Use UVa’s evidence-based medical search systems to retrieve information to support your clinical decisions.

Contents

Introduction

The goal of evidence-based medicine is to integrate clinical expertise with the best available external evidence from systematic research in making decisions about the care of individual patients. Evidence-based medical information must have three attributes to make it useful in daily clinical practice: it must be relevant to everyday practice, it must be correct, and it should require little work to obtain it. The following search systems will help reduce the work needed to find information based upon valid and reliable evidence.

Resources

Search for pre-appraised evidence-based medical reviews from one of the four sources listed below:

  • The Cochrane Library: The systematic reviews prepared by the international Cochrane Collaboration and found in the Library represent the highest level of evidence on which to base clinical treatment decisions. One can browse the newest systematic reviews added each quarter or search for specific topics to see if a systematic review or meta-analysis exists.
  • Essential Evidence Plus: One search across multiple evidence-based information systems provides bottom-line answers that are clearly assigned with their level of evidence.
  • National Guidelines Clearinghouse: The National Guidelines Clearinghouse is an initiative of the Agency for Healthcare Research and Quality (AHRQ) and presents a searchable database of evidence-based clinical practice guidelines from a multitude of agencies.
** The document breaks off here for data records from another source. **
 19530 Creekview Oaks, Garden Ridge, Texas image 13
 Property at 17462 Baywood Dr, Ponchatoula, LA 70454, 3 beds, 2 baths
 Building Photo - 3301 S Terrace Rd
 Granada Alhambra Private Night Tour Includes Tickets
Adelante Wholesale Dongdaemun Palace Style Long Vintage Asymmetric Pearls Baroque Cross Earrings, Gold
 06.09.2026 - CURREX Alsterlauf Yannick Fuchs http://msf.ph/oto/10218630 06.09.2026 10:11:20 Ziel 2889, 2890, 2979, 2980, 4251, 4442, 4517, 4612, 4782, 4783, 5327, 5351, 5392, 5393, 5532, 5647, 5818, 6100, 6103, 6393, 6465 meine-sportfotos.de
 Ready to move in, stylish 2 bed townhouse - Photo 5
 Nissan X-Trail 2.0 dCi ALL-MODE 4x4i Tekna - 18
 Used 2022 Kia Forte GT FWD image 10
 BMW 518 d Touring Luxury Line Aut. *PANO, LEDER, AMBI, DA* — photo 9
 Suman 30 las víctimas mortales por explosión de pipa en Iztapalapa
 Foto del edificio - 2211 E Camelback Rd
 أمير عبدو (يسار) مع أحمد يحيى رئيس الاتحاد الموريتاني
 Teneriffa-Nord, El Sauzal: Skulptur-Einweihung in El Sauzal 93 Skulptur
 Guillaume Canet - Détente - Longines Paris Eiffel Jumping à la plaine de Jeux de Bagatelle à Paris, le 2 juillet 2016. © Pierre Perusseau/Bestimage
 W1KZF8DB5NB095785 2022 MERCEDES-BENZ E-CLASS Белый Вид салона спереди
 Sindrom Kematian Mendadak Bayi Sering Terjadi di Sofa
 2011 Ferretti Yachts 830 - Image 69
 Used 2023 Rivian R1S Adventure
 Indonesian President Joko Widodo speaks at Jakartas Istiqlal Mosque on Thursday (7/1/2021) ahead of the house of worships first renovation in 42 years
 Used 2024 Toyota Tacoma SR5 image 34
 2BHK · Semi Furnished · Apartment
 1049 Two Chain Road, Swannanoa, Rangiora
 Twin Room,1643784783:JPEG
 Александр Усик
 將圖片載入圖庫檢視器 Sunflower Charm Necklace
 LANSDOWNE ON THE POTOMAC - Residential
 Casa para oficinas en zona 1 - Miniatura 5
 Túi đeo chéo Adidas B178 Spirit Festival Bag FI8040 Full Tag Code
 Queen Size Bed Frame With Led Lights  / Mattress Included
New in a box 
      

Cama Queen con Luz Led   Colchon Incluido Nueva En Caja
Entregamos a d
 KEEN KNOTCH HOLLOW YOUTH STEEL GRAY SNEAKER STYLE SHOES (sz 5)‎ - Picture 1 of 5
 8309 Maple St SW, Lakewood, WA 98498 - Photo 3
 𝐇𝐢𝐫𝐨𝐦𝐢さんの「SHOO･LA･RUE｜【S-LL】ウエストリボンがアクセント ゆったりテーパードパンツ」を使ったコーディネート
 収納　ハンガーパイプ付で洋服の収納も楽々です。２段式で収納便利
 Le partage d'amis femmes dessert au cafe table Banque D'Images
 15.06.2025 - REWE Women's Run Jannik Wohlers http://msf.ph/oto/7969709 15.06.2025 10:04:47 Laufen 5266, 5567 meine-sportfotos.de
This database offers both browse and search functions.
  • MEDLINE-PubMed Database:
    • Clinical Queries will limit your MEDLINE retrieval with research methodology filters.
    • Systematic Reviews will limit your MEDLINE retrieval to systematic reviews and meta-analysis studies.

For more information about evidence-based medicine, see the University of Virginia’s Center for Information Mastery site.

Help

For additional information about finding evidence-based information please contact Karen Knight at 924-0056, or Ask a Librarian here or at hslref@virginia.edu .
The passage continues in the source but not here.